DETAILED DESCRIPTION

[0019] Drones can be used for malicious purposes, including terrorist attacks and espionage. It is therefore necessary to protect sites that may have frequent drone operations against malicious drones. Such sites may include businesses that have frequent in-coming and out-going drone deliveries, such as factory sites. Agriculture areas, where drones may be used to monitor field conditions and to disburse pesticides, are another example of where it may be difficult to differentiate malicious drones from legitimate drones of the operators.

[0020] In embodiments of the present invention, a“white list” method is used to register legitimate drones. Registered drones are programmed to broadcast a time -based, encrypted message, for example by emitting a modulated visible light signal or modulated audio signal. Being time-based, the message cannot be easily imitated by illegitimate drones. At the site being protected, a site control unit decodes signals from legitimate drones and classifies drones as legitimate when a message can be authenticated. Drones that are not registered (i.e., not "whitelisted") will not send a message that can be authenticated and may be classified as illegitimate, which may then elicit a response to a potentially malicious, or "enemy," drone. As opposed to radio communications, light and audio signals are more easily associated with a specific airborne drone, such that illegitimate drones can be more quickly identified and intercepted by anti-drone methods.

[0021] Fig. 1 is a schematic diagram, depicting components of a system 10 for authenticating drones, according to some embodiments of the present invention.
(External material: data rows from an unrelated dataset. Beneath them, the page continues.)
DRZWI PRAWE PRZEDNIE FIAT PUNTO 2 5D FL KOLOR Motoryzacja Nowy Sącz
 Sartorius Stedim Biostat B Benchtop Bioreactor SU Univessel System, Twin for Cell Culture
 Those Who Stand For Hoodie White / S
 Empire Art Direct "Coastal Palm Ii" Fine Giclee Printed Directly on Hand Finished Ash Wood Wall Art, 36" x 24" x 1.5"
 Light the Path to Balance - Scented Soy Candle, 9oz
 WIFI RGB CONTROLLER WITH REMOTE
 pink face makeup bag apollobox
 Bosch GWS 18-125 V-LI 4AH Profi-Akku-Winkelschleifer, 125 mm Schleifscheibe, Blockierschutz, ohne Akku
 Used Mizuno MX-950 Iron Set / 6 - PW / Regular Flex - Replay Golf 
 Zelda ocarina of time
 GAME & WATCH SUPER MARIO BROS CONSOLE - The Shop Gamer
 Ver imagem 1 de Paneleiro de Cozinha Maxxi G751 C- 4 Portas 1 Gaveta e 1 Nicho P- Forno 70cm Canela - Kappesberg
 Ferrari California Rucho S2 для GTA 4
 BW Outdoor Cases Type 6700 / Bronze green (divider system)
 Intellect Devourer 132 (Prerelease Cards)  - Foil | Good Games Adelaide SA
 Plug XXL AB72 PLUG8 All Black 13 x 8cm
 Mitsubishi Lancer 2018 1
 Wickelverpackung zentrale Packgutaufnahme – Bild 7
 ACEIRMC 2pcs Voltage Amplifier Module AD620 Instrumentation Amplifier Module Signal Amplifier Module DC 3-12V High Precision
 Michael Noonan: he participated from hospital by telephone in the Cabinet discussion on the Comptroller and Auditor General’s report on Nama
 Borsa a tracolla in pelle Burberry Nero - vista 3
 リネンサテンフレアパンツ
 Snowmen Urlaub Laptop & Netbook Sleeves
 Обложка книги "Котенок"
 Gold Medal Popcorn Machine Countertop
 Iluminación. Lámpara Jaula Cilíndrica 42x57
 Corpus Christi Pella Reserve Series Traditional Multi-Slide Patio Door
In an area in which there are legitimate drone activities, such as a business site receiving drone shipments or dispatching drone deliveries, system 10 is configured to protect the area against illegitimate drones. Hereinbelow, the area to be protected is referred to as a restricted area. Legitimate drones may be configured to perform autonomous activities, such that they can carry out activities, such as package delivery, without human operators guiding their activity in real time. To operate autonomously, legitimate drones may also include devices for identifying their own location, such as visual location identification systems and Global Positioning System (GPS) receivers.

[0022] In embodiments of the present invention, drones that are to enter or operate in the restricted area, that is, "legitimate" drones, such as drone 20, configured with one or more light emitters 22. The light emitters 22 may be LED devices, configured to emit light at one or more electromagnetic frequencies, typically in the visible or infrared range of the light spectrum. The drone 20 also includes a processor, such as a microcontroller, configured with an associated authentication module. The authentication module is a software or hardware component associated with the drone 20. The authentication module is programmed to generate a message and to drive the light emitters 22 to emit a modulated light signal including the message.

[0023] The generated message may be, for example, a time-based password (also referred to herein as a "time -based code"). A time-based password hinders attackers from emulating the modulated signal, that is, it hinders "replay attacks" by which a signal from a legitimate drone is recording and later replayed buy an illegitimate drone. Time -based password generation algorithms may include one of: a“Hashed message authentication code (HMAC), one-time password" (HOTP) generator, specified in RFC 4226 of the Internet Engineering Task Force (IETF); a "Time-Based One-Time Password Algorithm" (TOTP) generator, specified in RFC 4226 of the of the Internet Engineering Task Force (IETF); and an RSA SecurlD authentication code generator, a proprietary hardware or software generation method available from RSA Security LLC. Time-based password generators require that the sender and receiver of the message share a secret key, also referred to as a token or seed. The sender processes the share seed and the current time to generate the password, which is transmitted to the receiver. The receiver also processes the share seed and the current time to generate the password, and, if the passwords match, the sender is authenticated. Hereinbelow, a "match" is meant to mean that the passwords are the same, or can be correlated by further processing, such as by a pre-defined algorithm executed by the receiver.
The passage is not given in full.